Although the space agency hasn't issued any statement about the phenomenon, bloggers and NASA watchers have posted their many cents about what is seen in the photo, which was transmitted over millions of miles of space before being received by the Jet Propulsion Laboratory in Pasadena, Calif., according to a story in the Houston Chronicle.

On April 6, Scott C. Waring, who maintains the website UFO Sightings Daily, posted the picture, which he says depicts a light shining upward from a flat surface at or below the ground.

"This could indicate there is intelligent life below the ground and uses light as we do," Waring wrote on his website. "This is not a glare from the sun, nor is it an artifact of the photo process."

The Curiosity rover arrived at "the Kimberley," a spot where it can study rock clues about ancient environments that might have been favorable for life, according to an April 2 NASA news release.

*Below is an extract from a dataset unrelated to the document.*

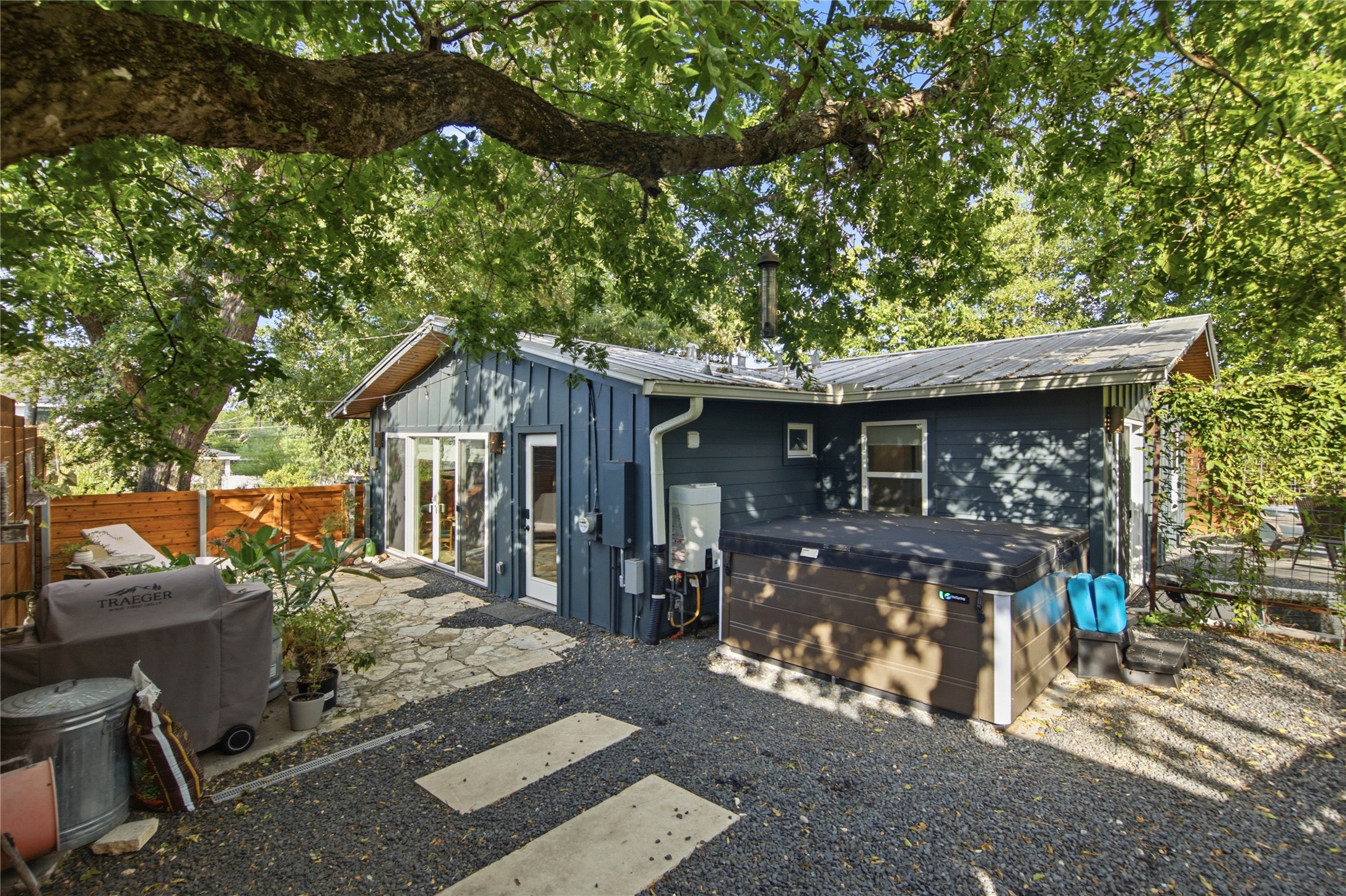 5600 Ledesma Road Austin, TX 78721 - Photo 23 of 36 Mature trees shade a private backyard retreat complete with a stone patio and spa.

Four different types of rock come together at the Kimberley, which is named for a region of western Australia where the ancient, steep-sided mountain ranges of northwestern Australia are cut through by gorges of sandstone and limestone.

"This is the spot on the map we've been headed for, on a little rise that gives us a great view for context imaging of the outcrops at the Kimberley," the Curiosity mission's Melissa Rice, of the California Institute of Technology in Pasadena, said in the release.

Rice is the scientist responsible for planning several weeks of observations, sample-drilling and on-site analyses of the area's rocks.

Curiosity has driven 3.8 miles since August 2012, when it landed inside Mars' Gale Crater.